> [Brief]: Pictures aside, each record should be reproduced exactly.

═══

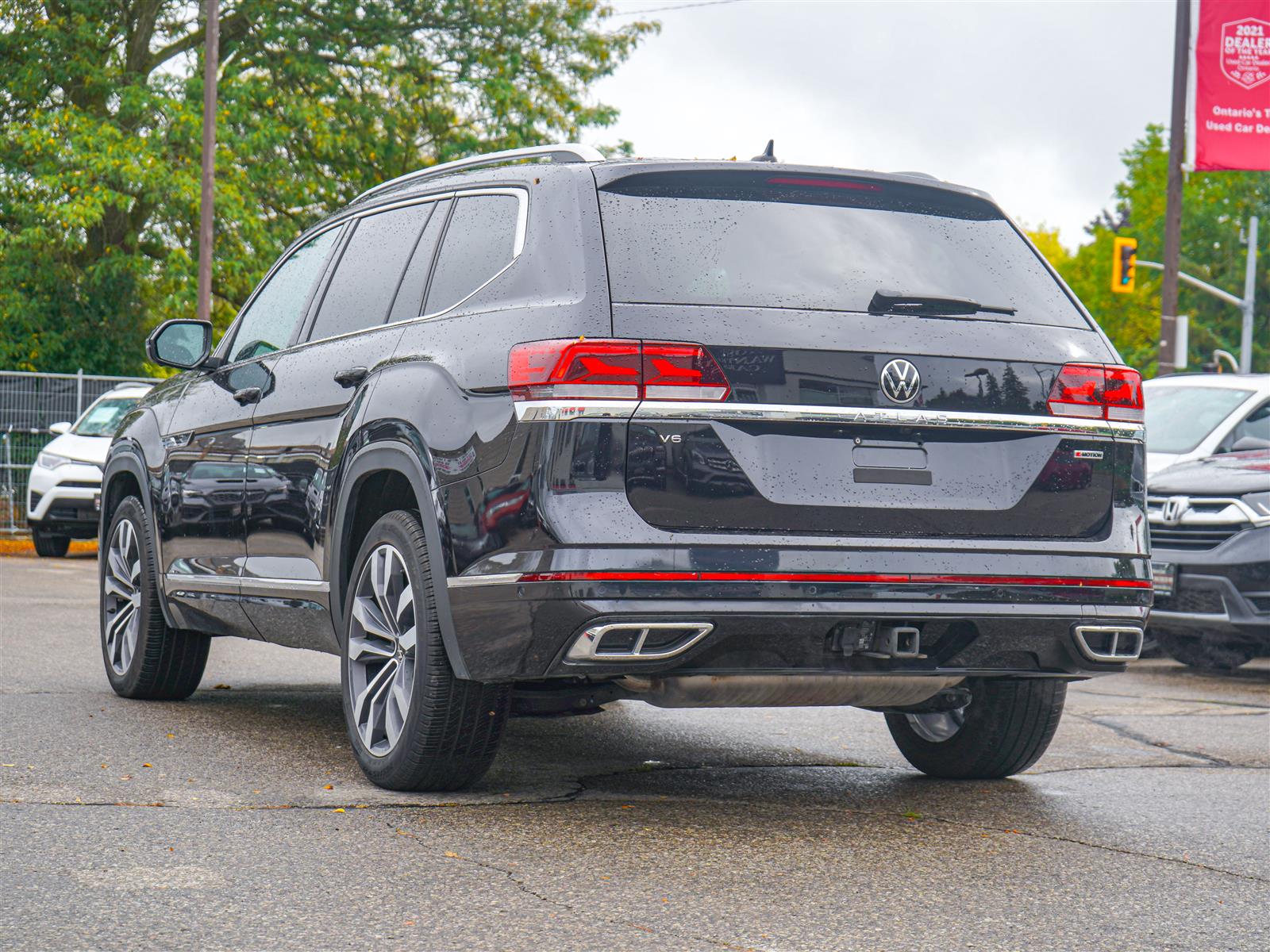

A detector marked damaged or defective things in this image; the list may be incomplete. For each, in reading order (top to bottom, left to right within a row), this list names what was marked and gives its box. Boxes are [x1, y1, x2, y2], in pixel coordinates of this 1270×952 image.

cracked pavement [0, 555, 1264, 949]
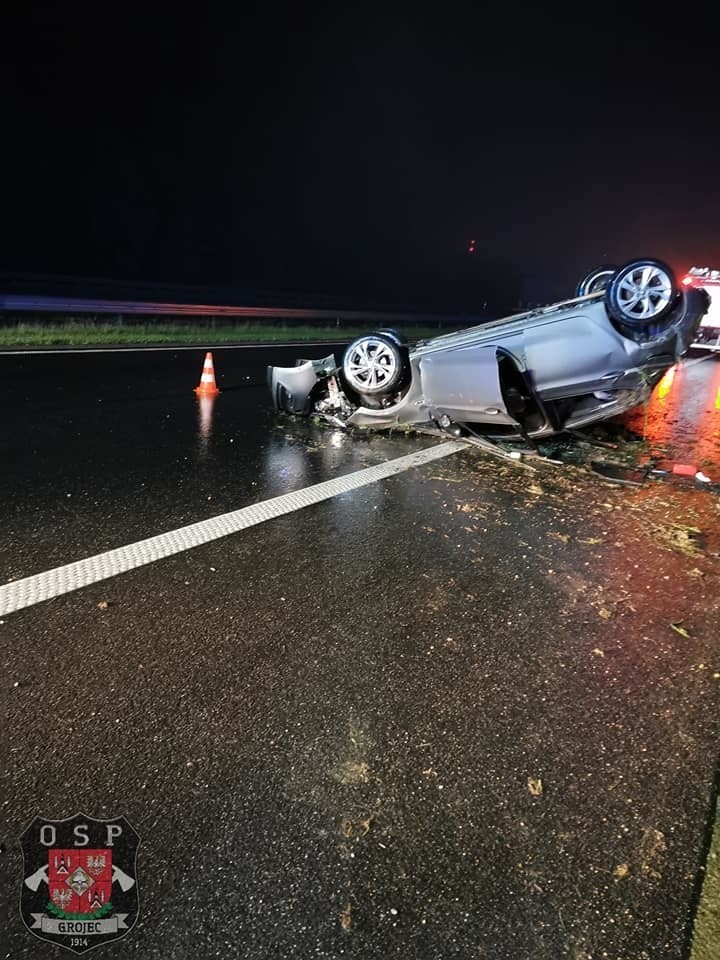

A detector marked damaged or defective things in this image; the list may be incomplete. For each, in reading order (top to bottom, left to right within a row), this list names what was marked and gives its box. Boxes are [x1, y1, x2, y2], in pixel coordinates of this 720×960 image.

overturned silver car [268, 256, 708, 440]
damaged car body panel [268, 260, 712, 444]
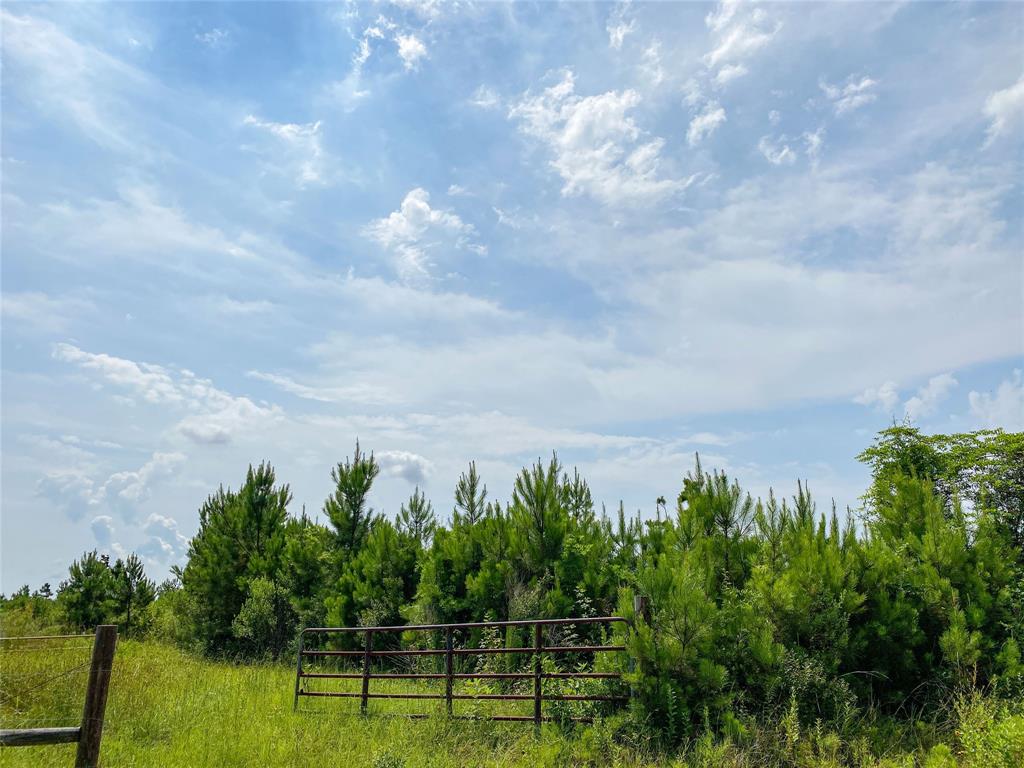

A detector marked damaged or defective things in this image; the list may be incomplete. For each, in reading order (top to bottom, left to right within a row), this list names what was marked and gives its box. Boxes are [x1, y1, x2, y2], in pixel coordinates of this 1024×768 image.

═══

> [Solution for this task]:
A detector marked damaged or defective things in this image; the list may be incomplete. For each, in reading order (top to bottom, left to right within a row), this list names what was marked and gives its box. Boxes are [x1, y1, x2, y2], in pixel coordinates of this 1270×952 image.

cracked pavement [0, 555, 1264, 949]

A detector marked damaged or defective things in this image; the list may be incomplete. For each, in reading order (top to bottom, left to right within a row), this list names what was marked and gives its box. Boxes are [x1, y1, x2, y2], in pixel coordinates of this 720×960 image.

overturned silver car [268, 256, 708, 440]
damaged car body panel [268, 260, 712, 444]

A detector marked damaged or defective things in this image; the list may be incomplete. For each, in reading order (top to bottom, left to right within a row), this list names what was marked and gives its box. Boxes are [x1, y1, x2, y2], in pixel coordinates of this 1024×768 image.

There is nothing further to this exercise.